===== Source material =====
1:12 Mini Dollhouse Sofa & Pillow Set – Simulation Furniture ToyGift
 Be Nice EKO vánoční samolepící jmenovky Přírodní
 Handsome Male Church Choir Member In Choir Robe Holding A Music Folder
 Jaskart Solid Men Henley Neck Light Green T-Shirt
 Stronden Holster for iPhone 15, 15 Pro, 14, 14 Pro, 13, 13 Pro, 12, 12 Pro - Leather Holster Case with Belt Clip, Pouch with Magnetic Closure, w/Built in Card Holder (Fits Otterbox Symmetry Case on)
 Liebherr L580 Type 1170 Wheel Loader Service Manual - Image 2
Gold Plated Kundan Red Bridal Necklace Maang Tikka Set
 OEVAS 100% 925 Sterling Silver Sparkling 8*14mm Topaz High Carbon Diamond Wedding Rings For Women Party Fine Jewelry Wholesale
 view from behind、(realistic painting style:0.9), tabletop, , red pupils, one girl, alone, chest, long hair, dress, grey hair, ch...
=====
* [Your task] Lines from the one containing "Jaskart Solid Men" to the last line above, both included: copy these exactly and write nothing else.

* [Exercise answer]
 Jaskart Solid Men Henley Neck Light Green T-Shirt
 Stronden Holster for iPhone 15, 15 Pro, 14, 14 Pro, 13, 13 Pro, 12, 12 Pro - Leather Holster Case with Belt Clip, Pouch with Magnetic Closure, w/Built in Card Holder (Fits Otterbox Symmetry Case on)
 Liebherr L580 Type 1170 Wheel Loader Service Manual - Image 2
Gold Plated Kundan Red Bridal Necklace Maang Tikka Set
 OEVAS 100% 925 Sterling Silver Sparkling 8*14mm Topaz High Carbon Diamond Wedding Rings For Women Party Fine Jewelry Wholesale
 view from behind、(realistic painting style:0.9), tabletop, , red pupils, one girl, alone, chest, long hair, dress, grey hair, ch...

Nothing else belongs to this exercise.